Can AI ever replace the human touch?
On numerous occasions I’ve tried to report an issue or phone my bank to request information, and find myself dealing with a “bot,” an artificial intelligence — in other words a computer program powered by an algorithm to “understand” what I’m asking and provide an appropriate response.
And this technology is improving all the time; microphones detect our voices, software understands what we say regardless of regional accent, then selects an appropriate response in a recorded voice with realistic inflections.
Nevertheless, to be honest, my relief is palpable when I call a large company and a human being answers — a real, live human being who can (hopefully) understand my dialect and accent, filter out the excess wordage and story-telling, and address the precise matter at hand.
I am not demeaning the technology. It is a wonderful advance, it speeds up queues, it cuts phone waiting times, and there are countless other advantages. But what are the limits of the technology? More importantly, where should we — indeed where can we — draw the line?
AI, if programmed with perfect algorithms, can provide a more efficient response than a human being if it’s asked the correct questions. It can be free of human bias, error and emotion, making decisions based on logic and fact, not how a person feels that day. In theory it should be fairer and more accurate. However, an algorithm is only as good as its programmer and the information provided.
AI could in theory be used for triage in hospital, helping to make swift, accurate decisions on patients’ symptoms and risks. Perhaps it could be used to give initial, basic analysis and diagnosis of medical ailments to reduce the strain on doctor’s surgeries, referring the patient to the correct therapy or hospital department, or to the doctor if a second opinion was required for something potentially hazardous. The AI could even make appointments.
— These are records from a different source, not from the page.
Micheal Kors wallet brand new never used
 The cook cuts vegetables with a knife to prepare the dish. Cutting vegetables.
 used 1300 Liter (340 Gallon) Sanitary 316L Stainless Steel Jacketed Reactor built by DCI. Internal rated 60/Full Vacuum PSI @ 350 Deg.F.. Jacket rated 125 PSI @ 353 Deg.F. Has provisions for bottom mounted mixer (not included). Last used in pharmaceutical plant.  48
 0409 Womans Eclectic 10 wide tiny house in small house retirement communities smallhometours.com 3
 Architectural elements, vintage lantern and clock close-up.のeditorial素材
There may be lots of reasons why you might require a dispensation from dealing with AI. Some people need more time to be able to process questions, or process their answer into a coherent response. A person could lack concise descriptive vocabulary; would an AI know how to extract the relevant information? Some people get confused with language and information and need someone to ask the right questions to extract the correct information. Neurodivergent people can struggle with processing thoughts to be able to convey information, or may simply take a question too literally, which may not be picked up by the AI in a way that a human might. A person with dyslexia may struggle with a computer interface, as may many others, depending on physical, mental and learning abilities, and experience.
AI, if programmed with perfect algorithms, can provide a more efficient response than a human being if it’s asked the correct questions.
These issues are not limited to medical situations. They could equally be applicable for an application for social housing, or a patent application for intellectual property, or marking a university examination.
The important questions are: Is AI accurate enough, particularly for matters of life and death?
And who is liable if something goes wrong?
For example, in matters of scientific discoveries and intellectual property, with such huge online access to libraries of global patents it would be fast and efficient for an AI to search for something already in the market. Indeed, with advanced search engines and alerts, this already happens. But the issue arises of who is liable if a patent is granted but it later turns out that a similar item also exists. Perhaps the software lacked the language to search effectively, but is that the programmer’s fault? Is it a matter of how the search is carried out? Presumably it would require someone familiar with the specific topic to work with the programmers to ensure everything was covered. Essentially, it seems that the AI itself would be best placed to search for potential biases to eliminate discrimination.
This feels an inevitable move forward; it’s just a matter of time, technology, interface and having the appropriate conversations to put in place the right kind of policies to protect the public. In the long run, it would greatly improve access to services if AI could at the very least be used for initial screening processes to provide simple answers and aid where appropriate, freeing up experts to deal with more complicated situations. In areas of housing, medicine and the law, eliminating long backlogs in less complicated cases would be excellent, but currently the legal protection is not in place, so we would have to ask, at what risk?
Bureaucracy can be a nightmare; we have all endured being sent round in endless circles. Sometimes you just need to speak with a human being, and we need to greatly improve the ease with which we can do so when required.